* [Input data]
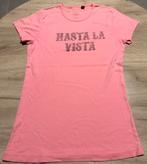 Roze t-shirt 'Hasta La Vista' (Esprit, maat M), Kleding | Dames, T-shirts, Esprit, Maat 38/40 (M), Ophalen of Verzenden, Roze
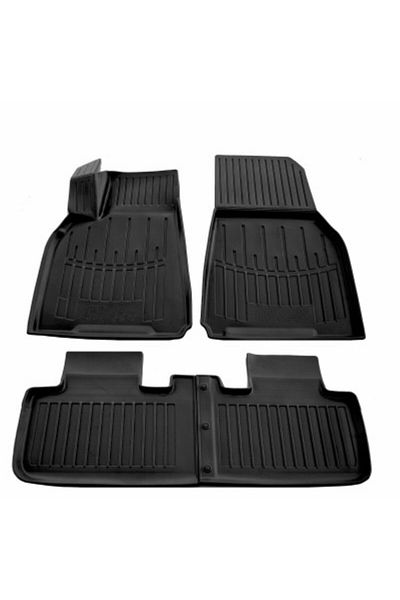Umbrella Set Covorase Auto Cauciuc Umbrella Pentru Tesla Model Y (2019)
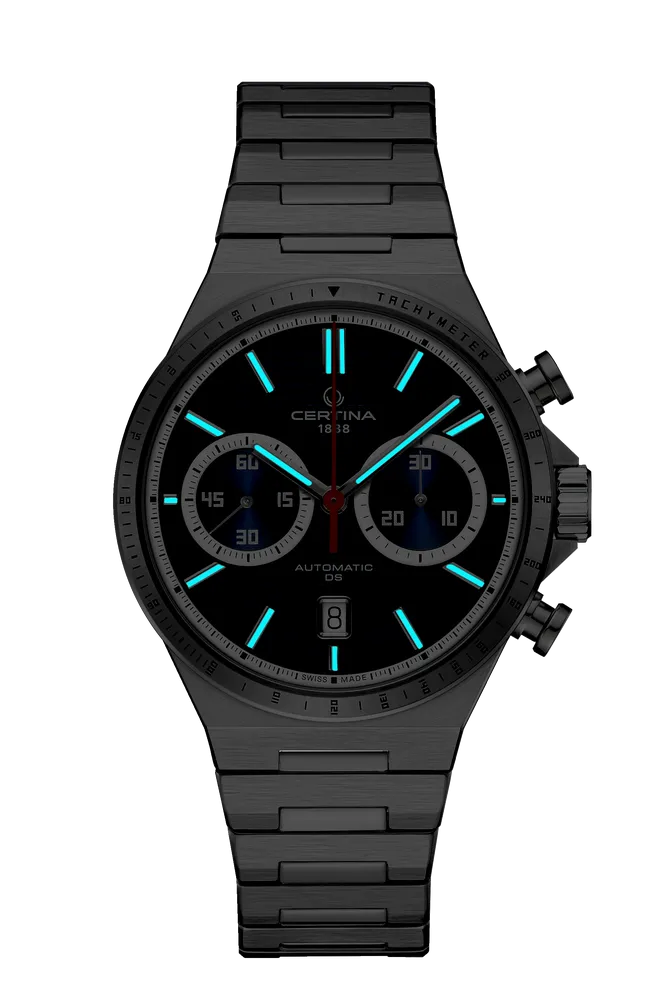 Certina DS-7 Chrono Auto Blue Otomatik C0434271104100 detay görseli 1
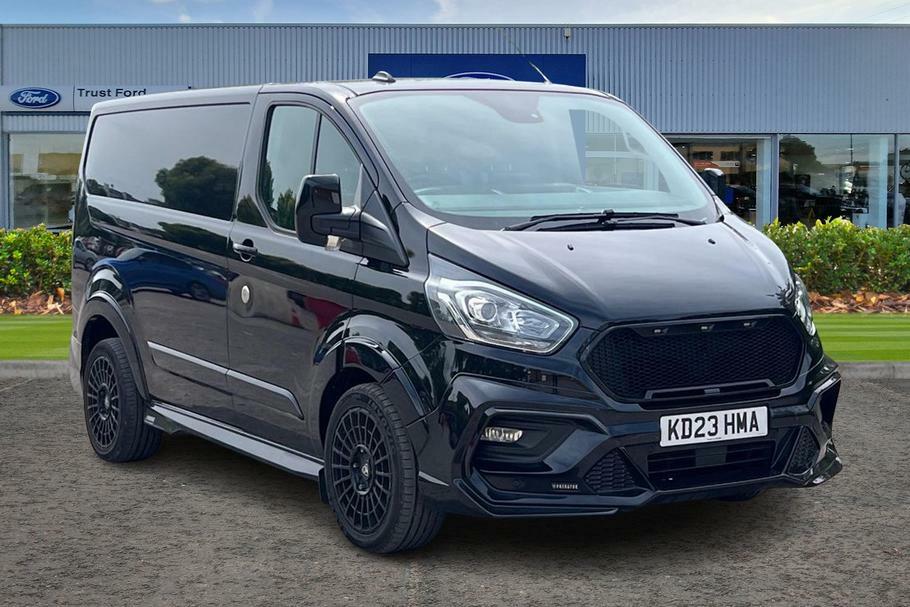 Ford Transit Custom 280 Limited L1 Swb Fwd 2.0 Ecoblue 130Ps Low Roof Black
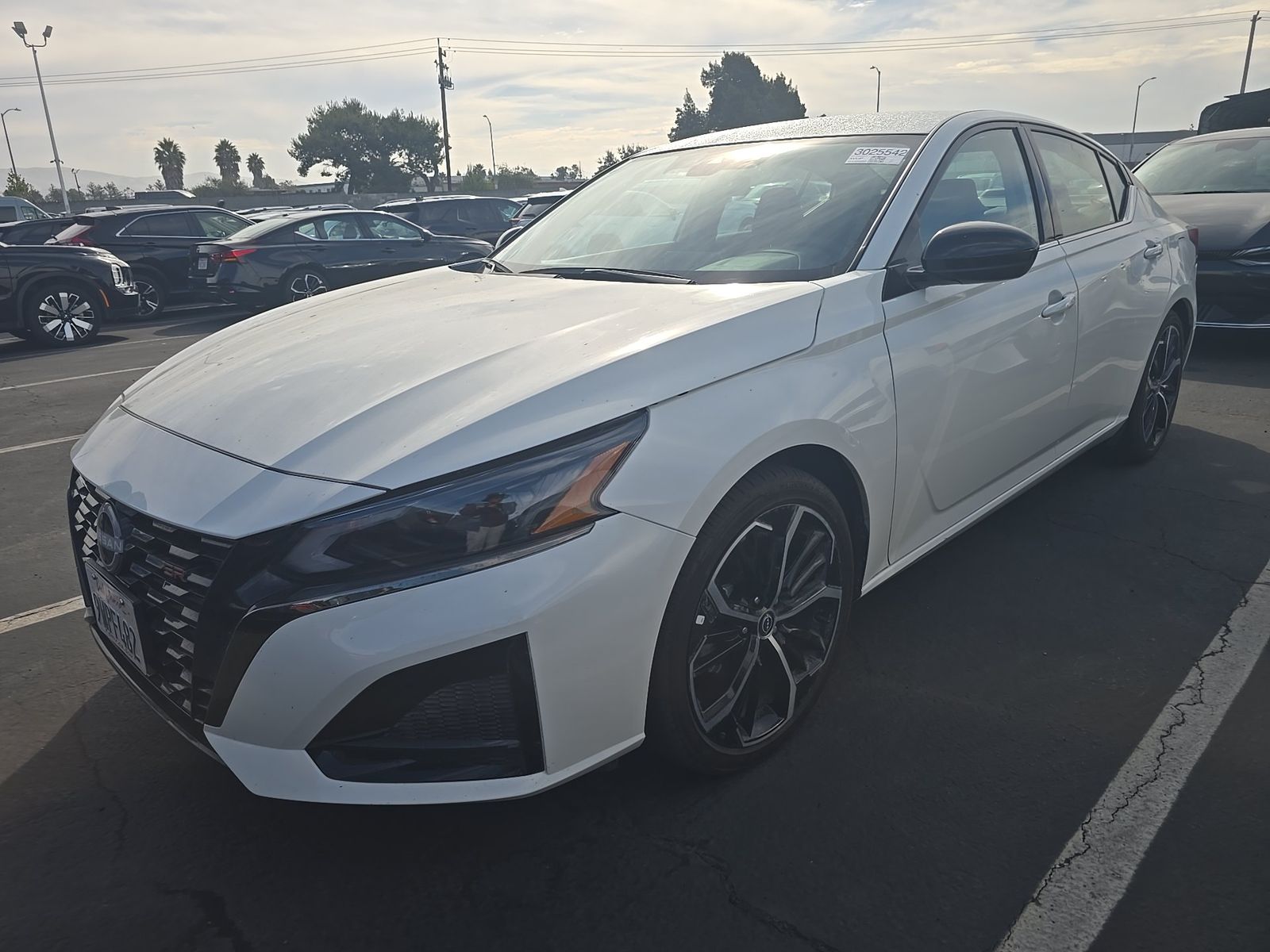 2025 NISSAN ALTIMA 2.5 SR - 1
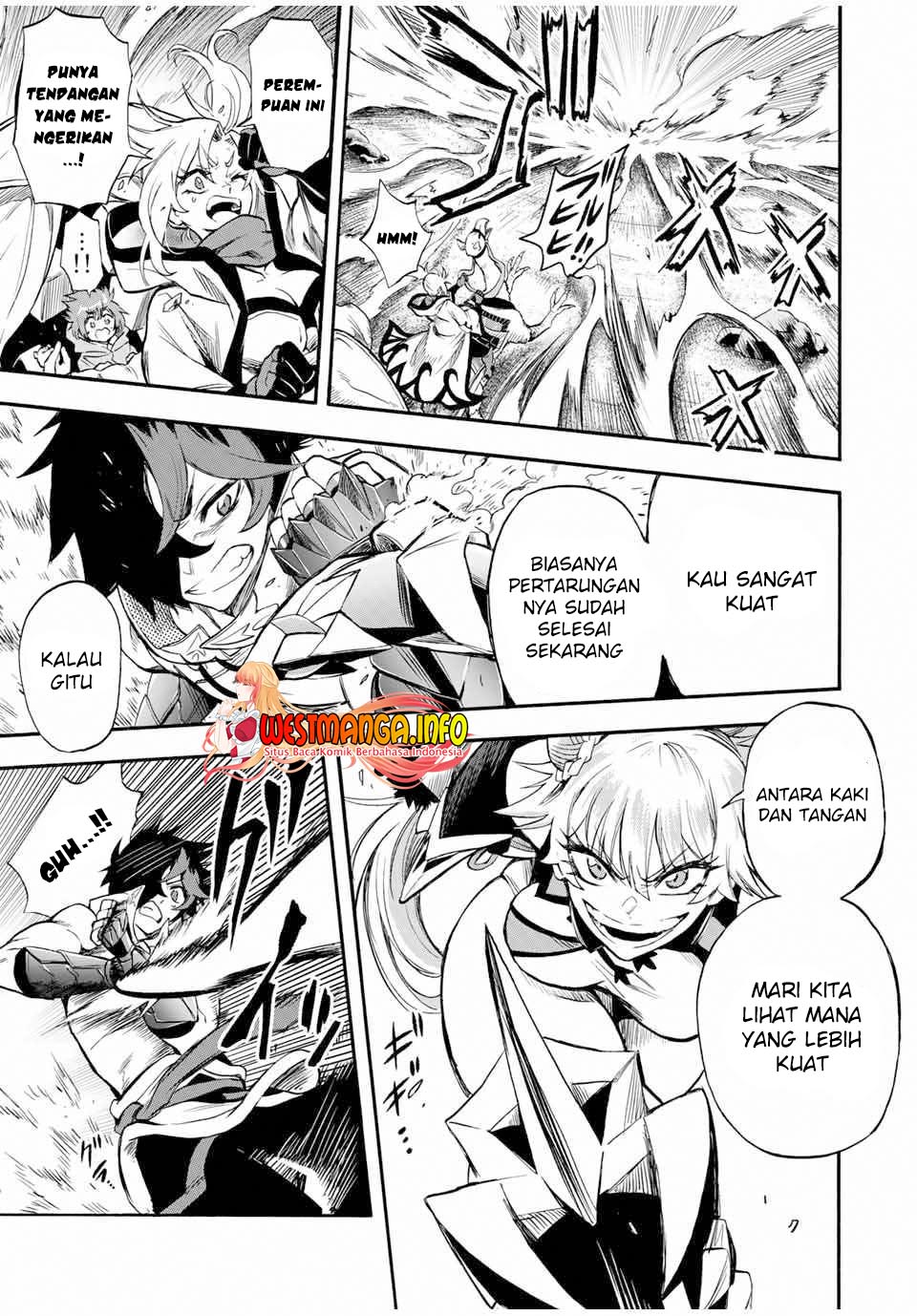 Jigoku no Gouka de Yaka re Tsuzuketa Shounen. Saikyou no Honou Tsukai to Natte Fukkatsu Suru. Chapter 49 Gambar 7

* [What to produce] Only the lines from the first line of the listing above through the line with "Ford Transit Custom" should be set down, exactly and without pictures.

* [Result for this task]
 Roze t-shirt 'Hasta La Vista' (Esprit, maat M), Kleding | Dames, T-shirts, Esprit, Maat 38/40 (M), Ophalen of Verzenden, Roze
Umbrella Set Covorase Auto Cauciuc Umbrella Pentru Tesla Model Y (2019)
 Certina DS-7 Chrono Auto Blue Otomatik C0434271104100 detay görseli 1
 Ford Transit Custom 280 Limited L1 Swb Fwd 2.0 Ecoblue 130Ps Low Roof Black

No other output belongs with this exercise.